Federal Legislation Labels Activism As "Terrorism"
InformationLiberation | October 10 2006
The Animal Enterprise Terrorism Act (AETA) is currently pending in Congress, and industry groups are doing their best to push it through quickly and with little public scrutiny, Patriot Act style, before Fall recess. Please act now to make sure that the War on Terrorism, and the tragedy of 9/11, isn't used to push a political agenda and silence dissent.

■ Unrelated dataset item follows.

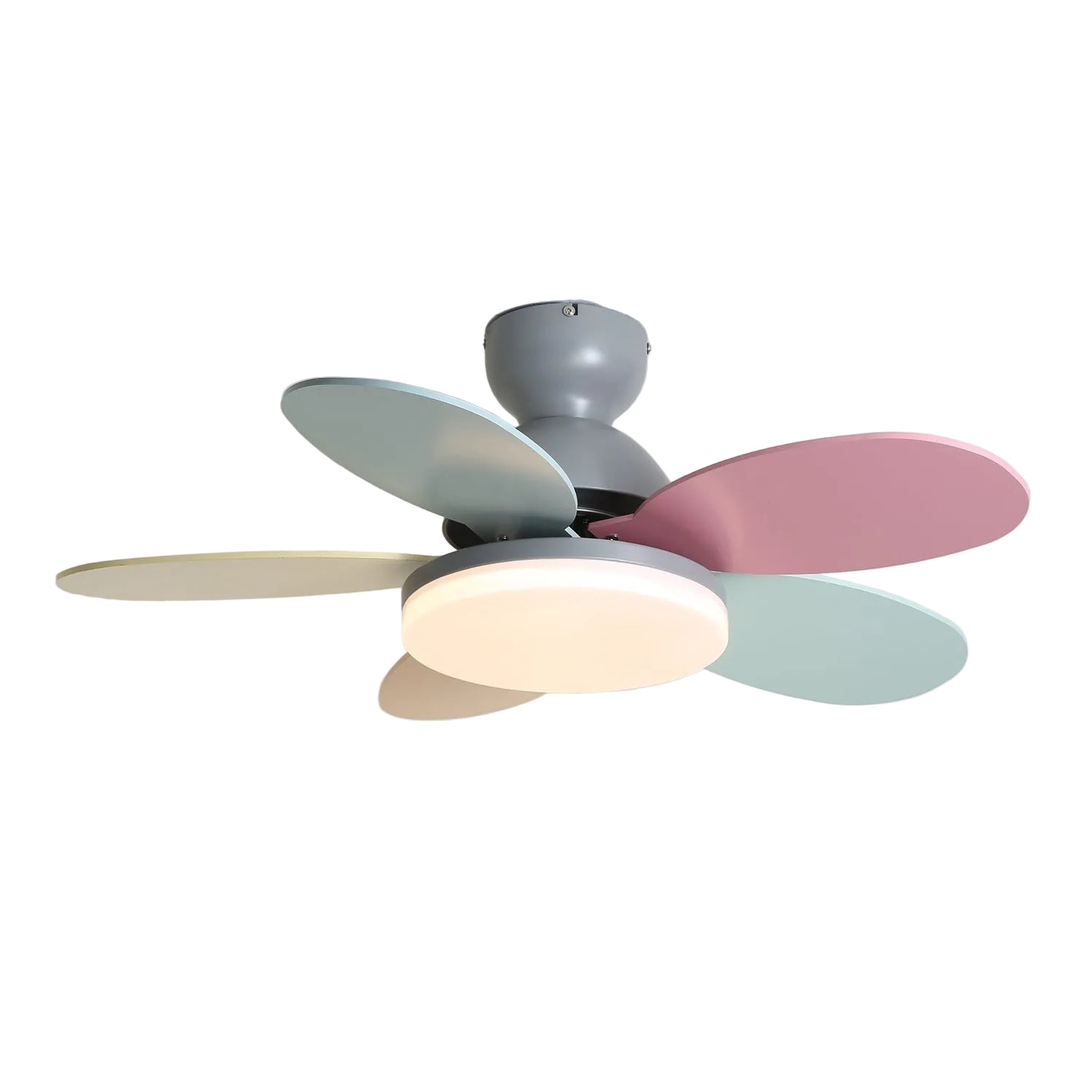 LED Deckenventilator mit blütenblattförmigen Flügeln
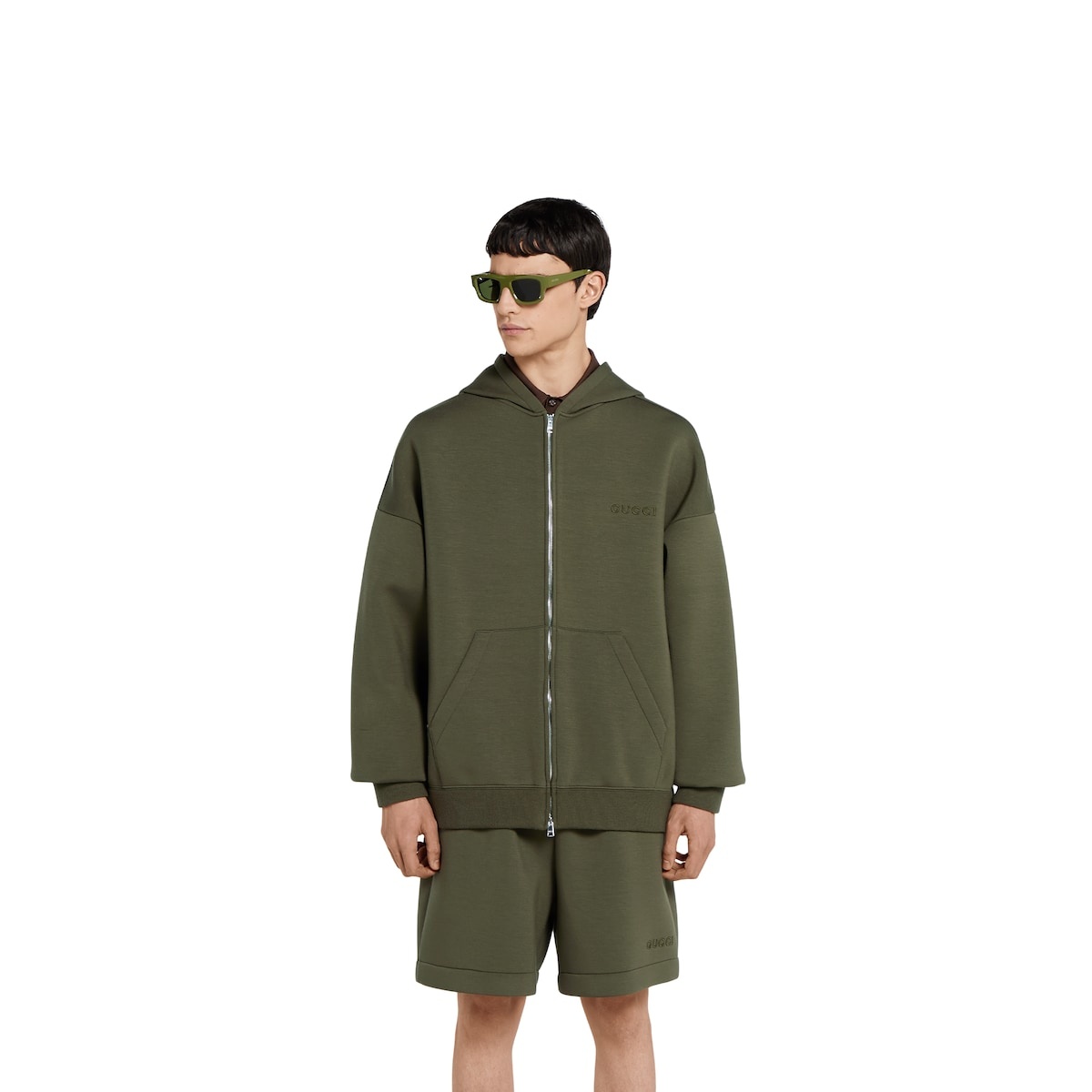 Embroidered hooded jersey sweatshirt - 3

The Animal Enterprise Terrorism Act expands the Animal Enterprise Protection Act of 1992 http://www.greenisthenewred.com/blog/aepa. Supporters say it is meant to stem illegal actions taken against controversial animal enterprises, or any company that does business with an animal enterprise. But the sweeping language in the bill goes much, much further:
AETA labels the tactics of Martin Luther King and Gandhi as "terrorism." It spells out penalties for "an offense involving exclusively a nonviolent physical obstruction of an animal enterprise or a business having a connection to, or relationship with, an animal enterprise, that may result in loss of profits but does not result in bodily injury..." In other words, a terrorism law includes nonviolent civil disobedience.
AETA risks the prosecution of undercover investigators, whistleblowers and other activists as "terrorists." It defines "economic damage" as including "the loss of profits." The extremely vague, overly broad language in the bill puts all activists at risk. Causing loss of profits isn't terrorism. It's effective activism. And even activists that aren't prosecuted under the law will feel the chilling effect of its "terrorist" rhetoric.
AETA isn't needed. Existing laws are already overly broad: the Animal Enterprise Protection Act was used to successfully convict the SHAC 7 this year on "terrorism" charges for running a website. And AETA's penalties for violence aren't needed, because the animal protection movement has never killed a human being. All Americans should be concerned, regardless of how they feel about animal issues. The word terrorism should not be batted around against the enemy of the hour, to push a partisan political agenda. Who will be next?